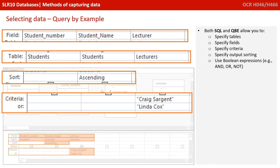Both SQL and Query by Example allow you to specify tables, specify fields, specify different search criteria, specify how the output should be sorted — in ascending or descending order — and allow you to use Boolean expressions such as AND, OR, and NOT.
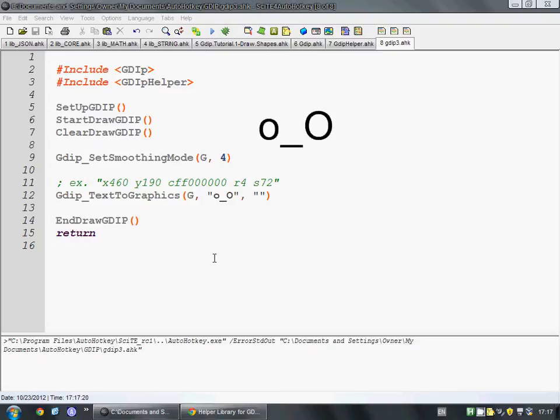Hi, this is Frankie from AboutScript. In the last video, we worked on using GDI Plus to create some ovals and rectangles and stuff, just the very basics.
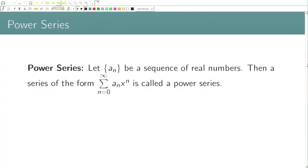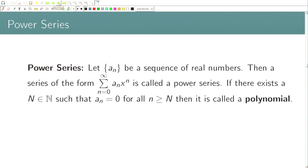Another familiar series we deal with is the power series. Let a_n be a sequence of real numbers. Then a series of the form Σa_n · x^n is called a power series. If there exists a capital N such that a_n = 0 for all n > N, then this is called a polynomial. In a sense, the power series is nothing but a polynomial with infinitely many terms.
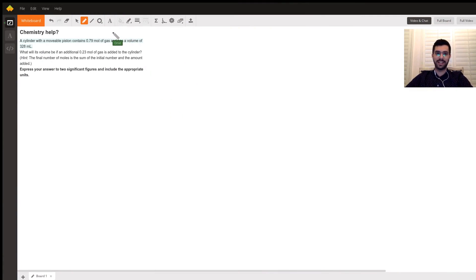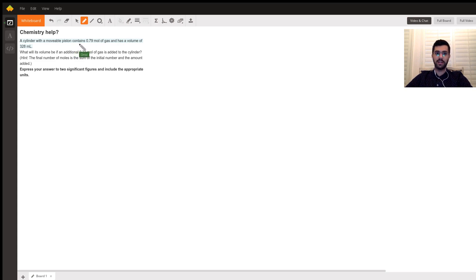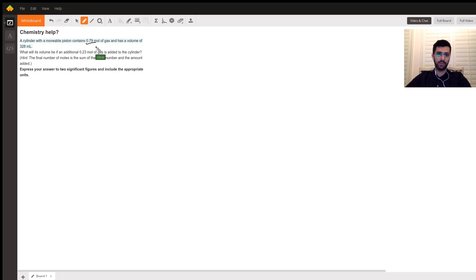Hello, I hope you're having a good day. This is my first online recording experience, so let's see how it goes. In your question, you're given that the cylinder has a piston on it that can move, so if we add more moles of gas it's going to increase the volume. You're starting at 0.79 moles of a gas and that has a volume of 328 milliliters.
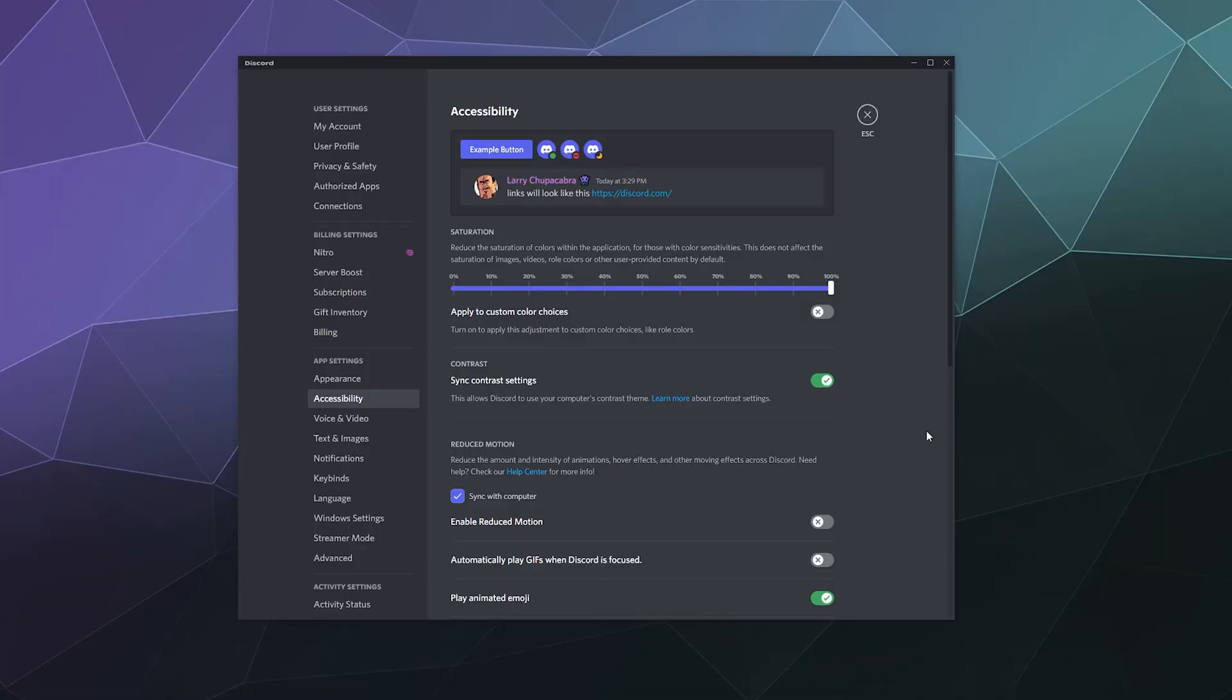All right, welcome back, ladies and gentlemen to the Chupacabra Tutorials Channel. I'm your host, Larry, and today I'm going to talk to you about the accessibility settings inside of Discord, along with some other settings that I feel might be relevant when you're looking to tweak Discord so that you can get the most out of it if you're hard of seeing or things like that.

# # #

What is expected - Set the listing down in full and exactly. Pictures within it should not appear in the copy.

Solved problem -
Both SQL and Query by Example allow you to specify tables, specify fields, specify different search criteria, specify how the output should be sorted — in ascending or descending order — and allow you to use Boolean expressions such as AND, OR, and NOT.
Hi, this is Frankie from AboutScript. In the last video, we worked on using GDI Plus to create some ovals and rectangles and stuff, just the very basics.
Another familiar series we deal with is the power series. Let a_n be a sequence of real numbers. Then a series of the form Σa_n · x^n is called a power series. If there exists a capital N such that a_n = 0 for all n > N, then this is called a polynomial. In a sense, the power series is nothing but a polynomial with infinitely many terms.
Hello, I hope you're having a good day. This is my first online recording experience, so let's see how it goes. In your question, you're given that the cylinder has a piston on it that can move, so if we add more moles of gas it's going to increase the volume. You're starting at 0.79 moles of a gas and that has a volume of 328 milliliters.
All right, welcome back, ladies and gentlemen to the Chupacabra Tutorials Channel. I'm your host, Larry, and today I'm going to talk to you about the accessibility settings inside of Discord, along with some other settings that I feel might be relevant when you're looking to tweak Discord so that you can get the most out of it if you're hard of seeing or things like that.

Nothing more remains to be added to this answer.